§ **EXERCISE PROMPT**: Repeat each entry exactly, but do not carry over the pictures.

Short descriptive text snippets:
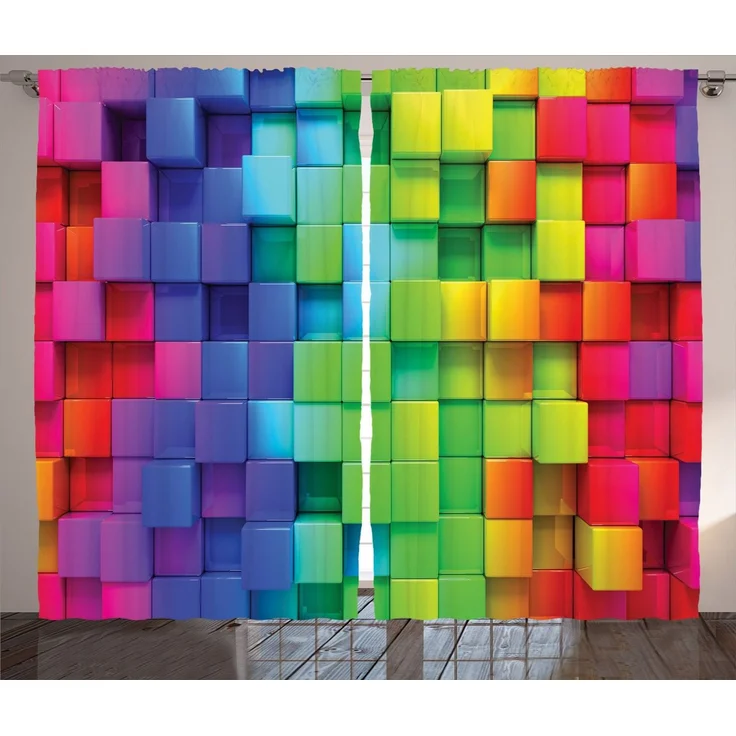 Abakuhaus Gardine Schlafzimmer Kräuselband Vorhang mit Schlaufen und Haken, Bunt rainbow Color – Bild 1
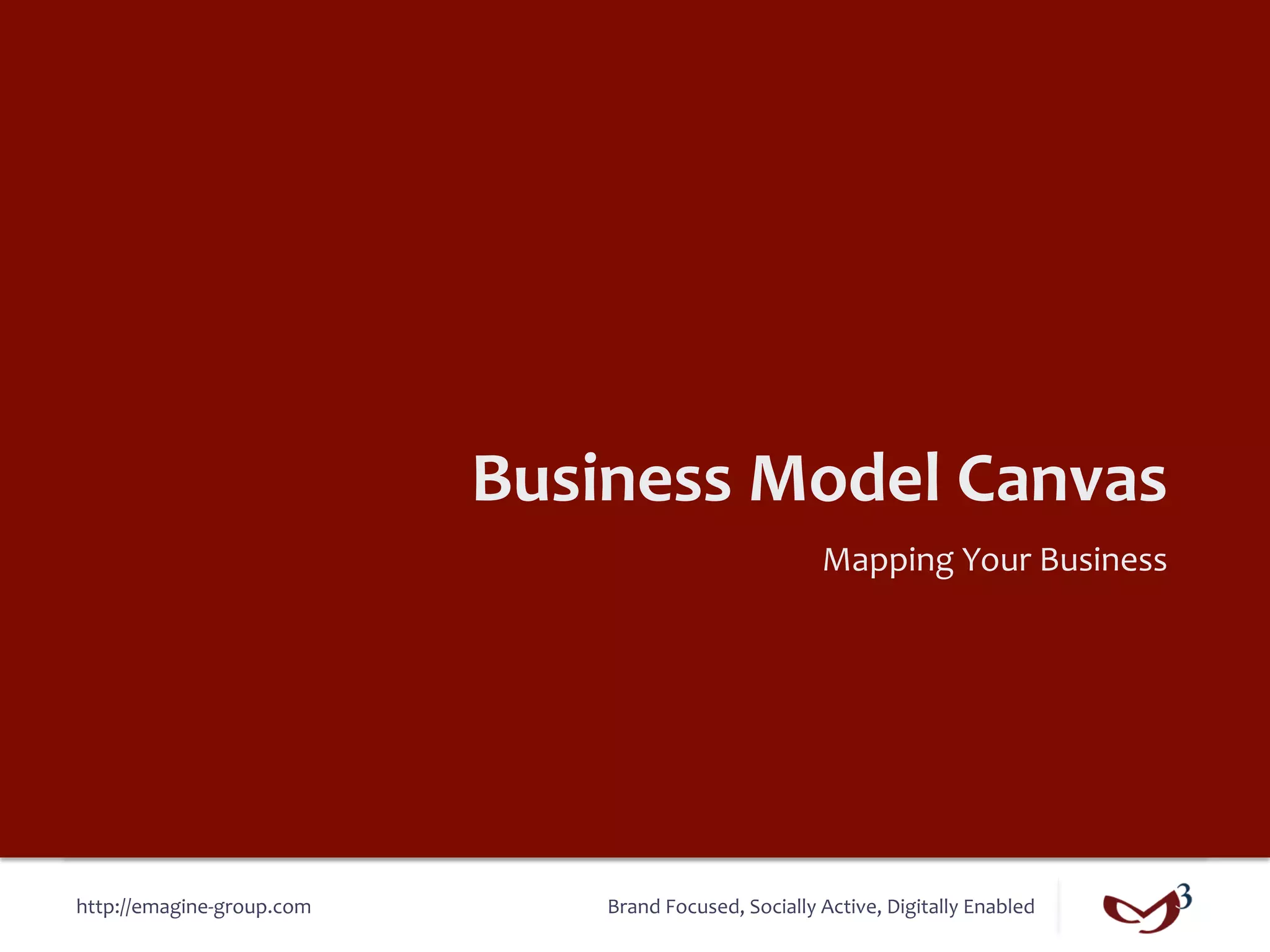 Business	
  Model	
  Canvas	
  
                                                                       Mapping	
  Your	
  Business	
  




http://emagine-­‐group.com	
          Brand	
  Focused,	
  Socially	
  Active,	
  Digitally	
  Enabled	
  
 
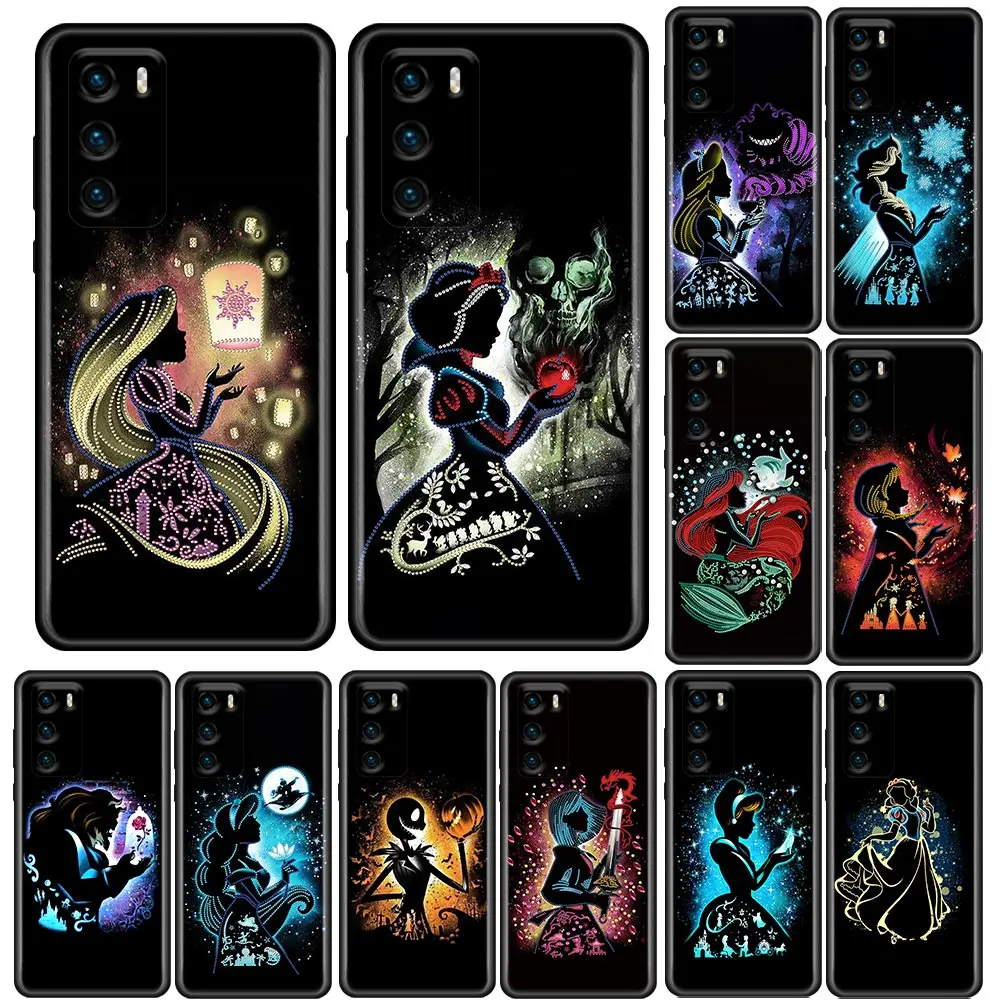 D-Disney Princess Disegni Rapunzel Ariel Silicon Funda Per Huawei P20 P30 P40 Lite Cover Posteriore P20 P30 Pro P10 P50 Custodia Smart Z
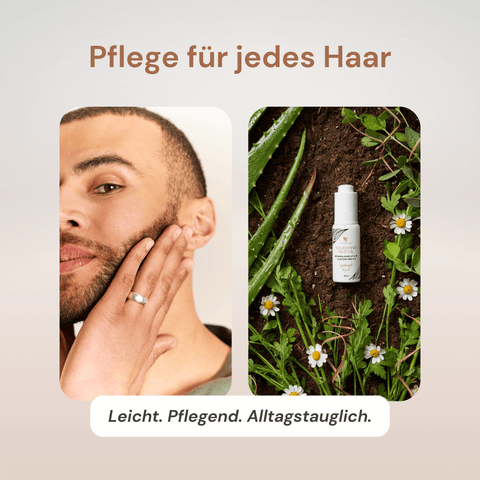Forever Nourishing Hair Oil in der Erde + Mann trägt Haaröl auf Bart auf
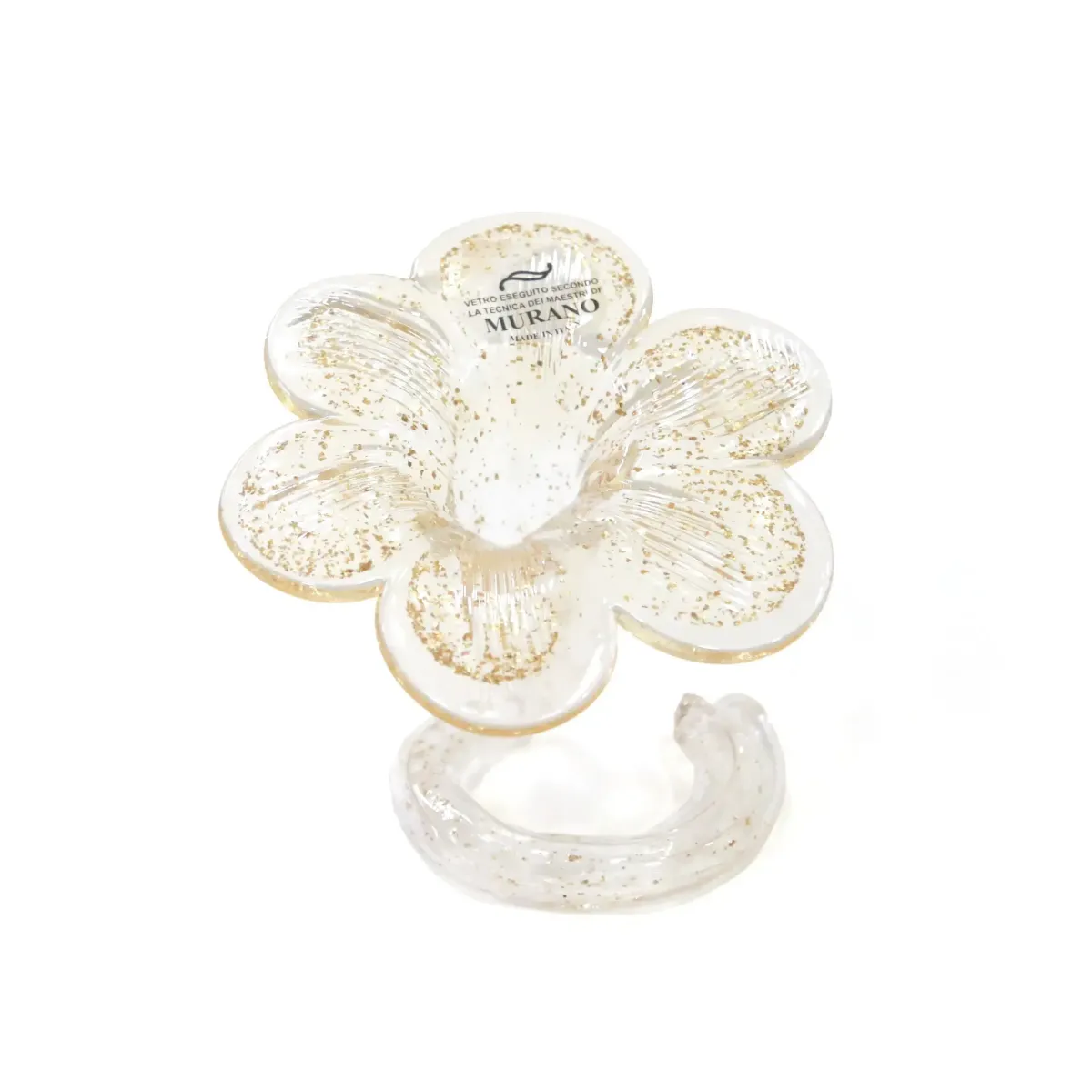 Murano Glass Flower – 6 Petals Gold Honey Decor
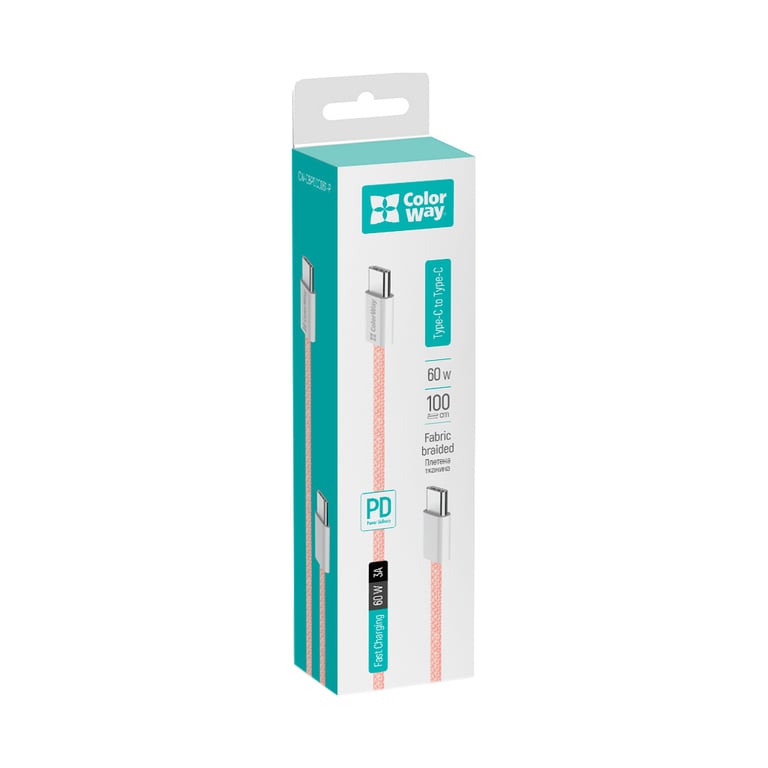 Дата кабель USB-C to USB-C 1.0m 60W 3.0А pink ColorWay (CW-CBPDCC061-P) - фото 6
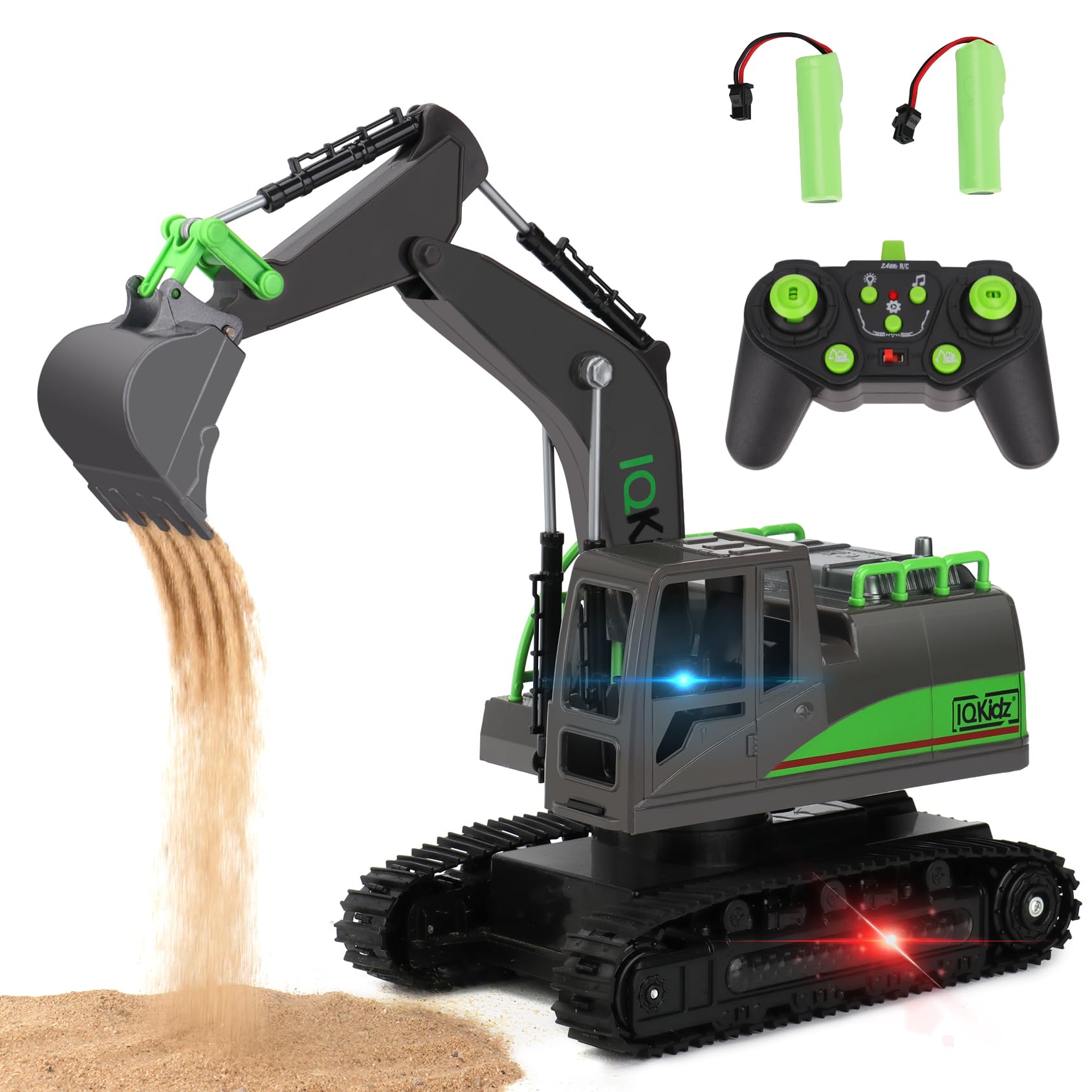 IQKidz remote control excavator toy on rubber tracks ready for outdoor play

§ **PROBLEM SOLUTION**:
 Abakuhaus Gardine Schlafzimmer Kräuselband Vorhang mit Schlaufen und Haken, Bunt rainbow Color – Bild 1
 Business	
  Model	
  Canvas	
  
                                                                       Mapping	
  Your	
  Business	
  




http://emagine-­‐group.com	
          Brand	
  Focused,	
  Socially	
  Active,	
  Digitally	
  Enabled	
  
 
 D-Disney Princess Disegni Rapunzel Ariel Silicon Funda Per Huawei P20 P30 P40 Lite Cover Posteriore P20 P30 Pro P10 P50 Custodia Smart Z
Forever Nourishing Hair Oil in der Erde + Mann trägt Haaröl auf Bart auf
 Murano Glass Flower – 6 Petals Gold Honey Decor
 Дата кабель USB-C to USB-C 1.0m 60W 3.0А pink ColorWay (CW-CBPDCC061-P) - фото 6
 IQKidz remote control excavator toy on rubber tracks ready for outdoor play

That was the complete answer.